I hope that you'll tackle ENT once you're finished with VOY. I'm an ENT fan from the show's original run and played with the idea of rewatching it out of nostalgia. However, I've discovered a few great sci-fi series in the mean time and I'm a bit afraid that this will make ENT look pretty bad. It would be much easier if I joined just in with you if you get to it.
I am hoping to revisit Enterprise once I am finished with Voyager, I only saw that show when it was first-run and haven't seen t since, so I might do a thread on that. I don't think Enterprise was a great show, but Voyager left me unfulfilled so I didn't have high-hopes for Enterprise, and so it was nice when Enterprise managed to meet my expectations. ;) I also fear that it might not hold up to much scrutiny if I rewatch it considering all the great shows I watched since it ended.


As for Janeway's actions in Tuvix, she may well have been right to kill him in order to save two other lives, but the episode didn't give enough exploration of the issue in order to justify her actions. In the Pale Moonlight is my favourite Trek episode, and Sisko did a far worse thing in that episode than Janeway in Tuvix, but ITPM focused the whole episode on Sisko and his battle to justify his actions, and when he says he can live with it at the end I don't quite believe him. The only reason we were given for Janeway's actions was Kes' crying fit and that was purely based on emotion rather than rational thought.

The Sisko said:
Bribery and cover up, those were new for me. That was my first moment of real doubt. I started to wonder if the whole thing was a mistake.

Then I got back to my office and there was a new casualty list waiting for me.

People are dying out there! Every day. Entire worlds are struggling for their freedom and here I am still worrying about the finer points of morality. I had to keep my eye on the ball. Winning the war, stopping the bloodshed, those were the priorities.
Evil actions, but I understand his motivation.


Here is a thought experiment I read once which fits into this discussion about Tuvix. You are at the switch controlling the fork for some railroad tracks. The train is on course to run over and kill five people, but you have the choice of throwing the switch and having the train only kill one person. Do you do it? Most people answer yes.

Now imagine there is five people desperately in need of new organs or they will die within a few hours. Would you order the death of one healthy person in order to harvest the organs you need? Most people answer no.

They are very similar situations, but the way the question is posed changes how people answer it.
 
Re: A Hater Revisits Voyager

Here is a thought experiment I read once which fits into this discussion about Tuvix. You are at the switch controlling the fork for some railroad tracks. The train is on course to run over and kill five people, but you have the choice of throwing the switch and having the train only kill one person. Do you do it? Most people answer yes.

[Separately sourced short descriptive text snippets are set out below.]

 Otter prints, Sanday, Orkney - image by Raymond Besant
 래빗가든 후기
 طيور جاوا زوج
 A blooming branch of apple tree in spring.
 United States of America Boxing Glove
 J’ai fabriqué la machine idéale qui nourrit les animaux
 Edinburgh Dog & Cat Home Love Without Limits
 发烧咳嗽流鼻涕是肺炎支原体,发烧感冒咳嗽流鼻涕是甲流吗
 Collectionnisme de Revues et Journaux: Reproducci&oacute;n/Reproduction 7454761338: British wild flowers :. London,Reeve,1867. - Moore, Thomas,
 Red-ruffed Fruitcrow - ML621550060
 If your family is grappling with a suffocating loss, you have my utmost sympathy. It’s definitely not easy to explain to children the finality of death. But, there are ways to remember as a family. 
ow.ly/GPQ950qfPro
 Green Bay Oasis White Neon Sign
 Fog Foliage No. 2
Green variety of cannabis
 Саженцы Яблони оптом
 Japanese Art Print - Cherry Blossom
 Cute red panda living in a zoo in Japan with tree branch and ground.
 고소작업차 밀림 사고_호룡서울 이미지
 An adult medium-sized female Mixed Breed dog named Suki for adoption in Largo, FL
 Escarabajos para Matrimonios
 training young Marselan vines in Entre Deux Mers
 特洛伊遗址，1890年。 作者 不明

Now imagine there is five people desperately in need of new organs or they will die within a few hours. Would you order the death of one healthy person in order to harvest the organs you need? Most people answer no.

They are very similar situations, but the way the question is posed changes how people answer it.

The two scenarios are quite different from each other, in my opinion. In the first one, the disaster has already been set in motion. You can't stop the train from killing someone, you can only decide how many people it will kill. The rational choice is to save as many people as you can, I guess.

In the second scenario you would have to murder one person at your own initiative, which is a totally different situation. I'm glad most people answered that question with a no.
 
Re: A Hater Revisits Voyager

The two scenarios are quite different from each other, in my opinion. In the first one, the disaster has already been set in motion. You can't stop the train from killing someone, you can only decide how many people it will kill. The rational choice is to save as many people as you can, I guess.

In the second scenario you would have to murder one person at your own initiative, which is a totally different situation. I'm glad most people answered that question with a no.
But both scenarios have already been set in motion and in both scenarios five people are destined to die unless you take action which will result in their salvation at the cost of one other life.

I said yes to the train one and no to the organ one, and I tried to rationalise it to myself by talking about free will and how nobody has the right to kill another. But the more I thought about it I found myself coming to the conclusion that it is because I am a fit and healthy person and I don't want to be killed even if it saves five others. I have never found myself tied to a railway track and it isn't something which is likely to happen to me, so in that scenario it is easy for me to distance myself and say that one must die in order to save five.

I was going to call it selfishness, but I think that is too unfair a term, it is merely self-preservation.
 
Re: A Hater Revisits Voyager

I think it's more because there's violent death in the first scenario but sickness is implied in the second. A natural death is a part of life, hence people are more ready to accept it and not try to stop it by killing someone else.
Though the undelying mechanism is the same, the two situations appear quite different to me.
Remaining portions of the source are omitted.